Scraped caption text data
====

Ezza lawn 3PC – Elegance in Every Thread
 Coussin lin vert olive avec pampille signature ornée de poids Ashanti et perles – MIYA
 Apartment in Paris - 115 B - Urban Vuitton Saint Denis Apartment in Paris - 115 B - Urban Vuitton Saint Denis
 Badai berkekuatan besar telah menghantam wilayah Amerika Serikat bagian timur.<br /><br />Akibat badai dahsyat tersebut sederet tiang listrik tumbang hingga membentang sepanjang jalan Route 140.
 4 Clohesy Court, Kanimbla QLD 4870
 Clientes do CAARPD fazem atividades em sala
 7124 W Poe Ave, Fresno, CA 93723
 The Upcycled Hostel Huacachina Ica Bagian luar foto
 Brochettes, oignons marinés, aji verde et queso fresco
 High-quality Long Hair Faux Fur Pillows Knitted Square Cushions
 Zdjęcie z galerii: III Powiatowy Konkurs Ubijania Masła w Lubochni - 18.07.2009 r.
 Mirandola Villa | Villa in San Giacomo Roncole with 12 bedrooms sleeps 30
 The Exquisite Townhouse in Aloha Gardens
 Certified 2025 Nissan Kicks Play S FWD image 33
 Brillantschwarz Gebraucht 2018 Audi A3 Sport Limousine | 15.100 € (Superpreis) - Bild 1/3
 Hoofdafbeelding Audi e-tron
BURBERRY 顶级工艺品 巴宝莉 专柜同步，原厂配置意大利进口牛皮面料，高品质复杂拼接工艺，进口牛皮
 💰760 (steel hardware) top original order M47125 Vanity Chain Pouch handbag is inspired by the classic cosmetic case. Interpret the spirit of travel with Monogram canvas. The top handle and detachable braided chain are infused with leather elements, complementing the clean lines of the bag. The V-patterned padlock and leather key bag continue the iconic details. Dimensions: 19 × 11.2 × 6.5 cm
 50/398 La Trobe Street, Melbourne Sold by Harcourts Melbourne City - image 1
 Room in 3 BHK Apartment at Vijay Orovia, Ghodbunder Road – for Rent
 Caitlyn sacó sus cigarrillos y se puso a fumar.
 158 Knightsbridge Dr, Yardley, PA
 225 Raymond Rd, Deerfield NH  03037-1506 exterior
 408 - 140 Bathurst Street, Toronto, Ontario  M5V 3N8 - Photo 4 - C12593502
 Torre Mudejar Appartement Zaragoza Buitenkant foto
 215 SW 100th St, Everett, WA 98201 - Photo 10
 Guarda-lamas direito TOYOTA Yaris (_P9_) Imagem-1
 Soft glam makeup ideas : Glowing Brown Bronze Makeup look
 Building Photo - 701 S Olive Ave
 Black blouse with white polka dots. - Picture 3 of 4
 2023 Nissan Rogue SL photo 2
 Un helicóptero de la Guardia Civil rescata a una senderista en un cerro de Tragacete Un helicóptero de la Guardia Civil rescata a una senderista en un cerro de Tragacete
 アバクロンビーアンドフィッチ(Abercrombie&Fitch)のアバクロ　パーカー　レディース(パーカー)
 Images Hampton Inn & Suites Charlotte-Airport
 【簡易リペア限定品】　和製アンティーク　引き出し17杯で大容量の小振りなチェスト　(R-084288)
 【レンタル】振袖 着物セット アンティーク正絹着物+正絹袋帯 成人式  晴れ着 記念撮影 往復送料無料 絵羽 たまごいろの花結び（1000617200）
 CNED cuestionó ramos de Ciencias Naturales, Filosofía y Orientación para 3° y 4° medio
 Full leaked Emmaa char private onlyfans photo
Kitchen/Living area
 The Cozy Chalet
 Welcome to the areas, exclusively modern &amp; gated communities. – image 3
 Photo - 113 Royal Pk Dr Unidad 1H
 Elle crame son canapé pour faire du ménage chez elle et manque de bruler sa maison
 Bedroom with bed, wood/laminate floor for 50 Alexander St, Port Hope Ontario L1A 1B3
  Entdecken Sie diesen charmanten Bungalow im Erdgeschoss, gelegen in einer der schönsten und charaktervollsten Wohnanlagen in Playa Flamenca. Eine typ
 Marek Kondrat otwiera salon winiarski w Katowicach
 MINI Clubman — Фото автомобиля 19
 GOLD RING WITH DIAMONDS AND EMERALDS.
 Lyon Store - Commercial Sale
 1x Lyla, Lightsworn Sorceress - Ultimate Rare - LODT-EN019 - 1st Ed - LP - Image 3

====

» **PROBLEM REQUIREMENTS**
All lines above from the one holding "11.2 × 6.5 cm" to the one holding "Caitlyn sacó sus", inclusive, are to be copied exactly; no other line is wanted.

» **EXERCISE RESPONSE**
 💰760 (steel hardware) top original order M47125 Vanity Chain Pouch handbag is inspired by the classic cosmetic case. Interpret the spirit of travel with Monogram canvas. The top handle and detachable braided chain are infused with leather elements, complementing the clean lines of the bag. The V-patterned padlock and leather key bag continue the iconic details. Dimensions: 19 × 11.2 × 6.5 cm
 50/398 La Trobe Street, Melbourne Sold by Harcourts Melbourne City - image 1
 Room in 3 BHK Apartment at Vijay Orovia, Ghodbunder Road – for Rent
 Caitlyn sacó sus cigarrillos y se puso a fumar.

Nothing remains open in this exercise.